Mixing can be beneficial, but detrimental if one doesn’t have strong roots to begin with. Without proper understanding of objectives (maqasid shariah), awareness of cultural variations, and wisdom in application, confusion ensues.
This is for the lay Muslims, to equip ourselves with a good foundation to build our religion upon. Although we should never abandon the guidance of our teachers (trained and qualified scholars), we should also try our best to stand on our own two feet.
New questions arise constantly, and we need to be ready with the necessary tools to find the answers ourselves. We cannot expect our teachers to be there for us all the time to answer all our questions. To understand the concepts and the underlying universal principles is the key to unlock our mind, freeing it to explore and find answers – while still be wary of boundaries.
It is worrying when we become parrots with regards to religion; we simply copy and paste, with no regard to the objectives and the change of times.
On one hand, it is reflective of our lack in understanding even though we know a lot. We memorize but we don’t understand the reasoning behind what we memorized. Like a student who simply memorized 2+2=4, but without understanding why it is so. When a new question emerges (e.g. 5+7), the student cannot answer because that’s not what he memorized.
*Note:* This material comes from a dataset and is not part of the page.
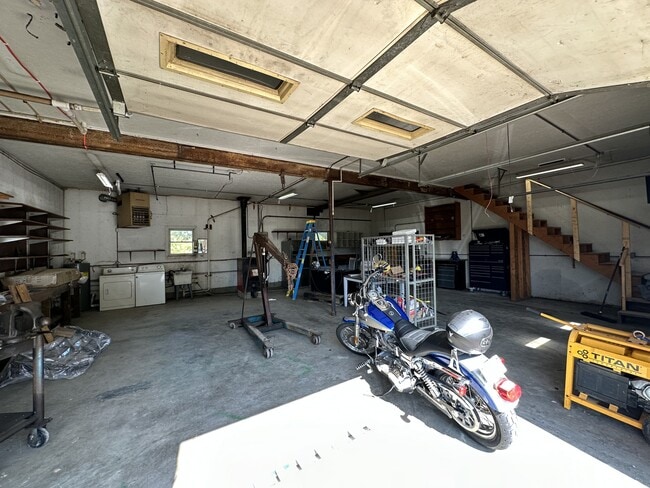 Building Photo - 6131 N 450 W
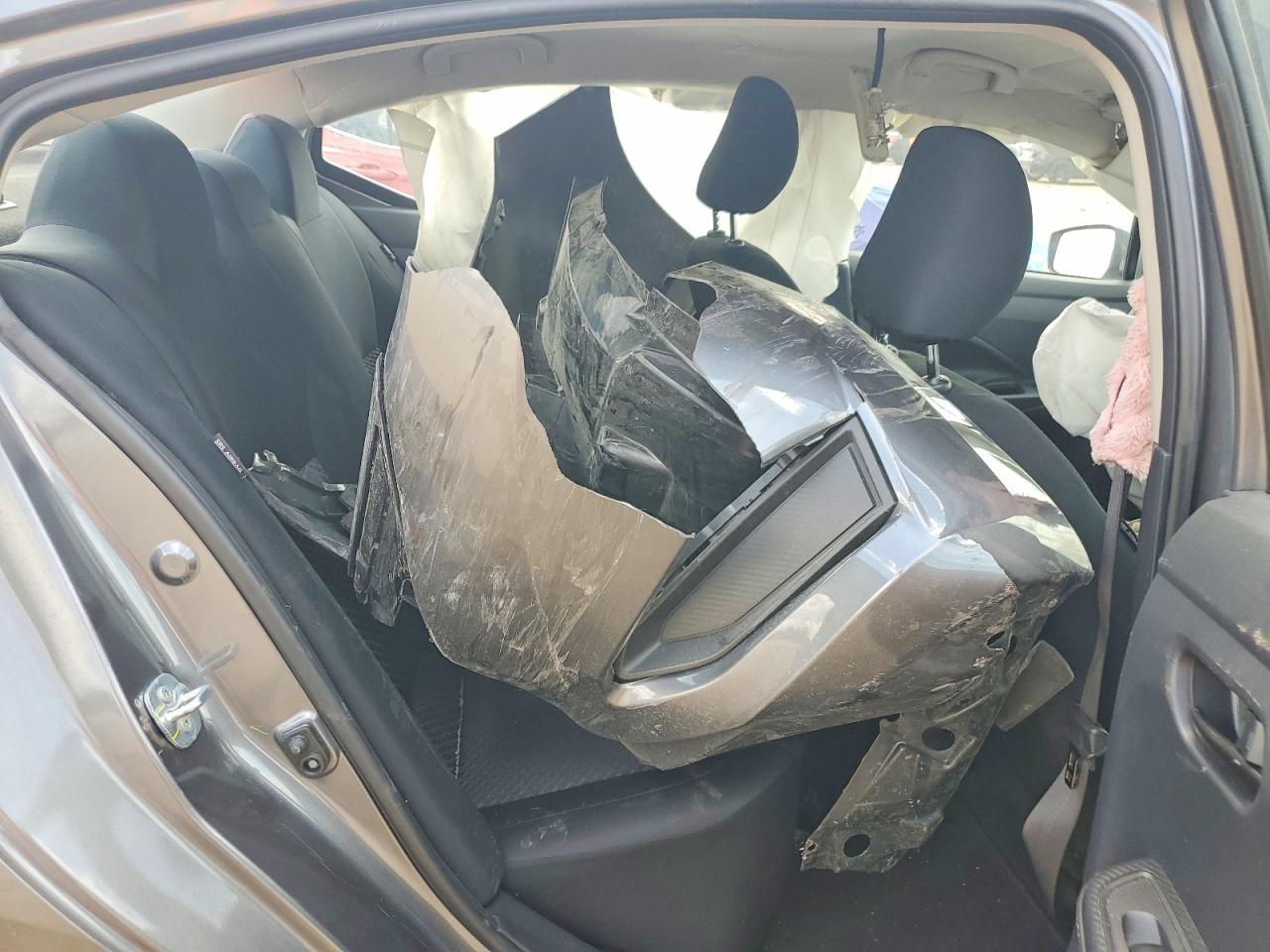 Nissan Versa S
On the other hand, it is a worrying sign of our laziness in thinking deeply about our religion; to constantly question and to constantly struggle to find the best answer. To memorize or to copy-and-paste, seems like the easiest and most convenient way to practice religion.
Ease and convenience are not inherently wrong, but they aren’t the best possible solution for all possible situations.
“Persons handing down legal judgments while adhering blindly to the texts in their books without regard for the cultural realities of their people are in gross error. They act in contradiction to established legal consensus and are guilty of iniquity and disobedience before God, having no excuse despite their ignorance; for they have taken upon themselves the art of issuing legal rulings without being worthy of that practice…. Their blind adherence to what is written down in legal compendia is misguidance in the religion of Islam and utter ignorance of the ultimate objectives behind the rulings of the earlier scholars and great personages of the past whom they claim to be imitating.”
(Quote by Al-Qarafi, 13th century jurist, copied from Dr. Umar Faruq Abd Allah’s paper entitled “Islam and the Cultural Imperative“)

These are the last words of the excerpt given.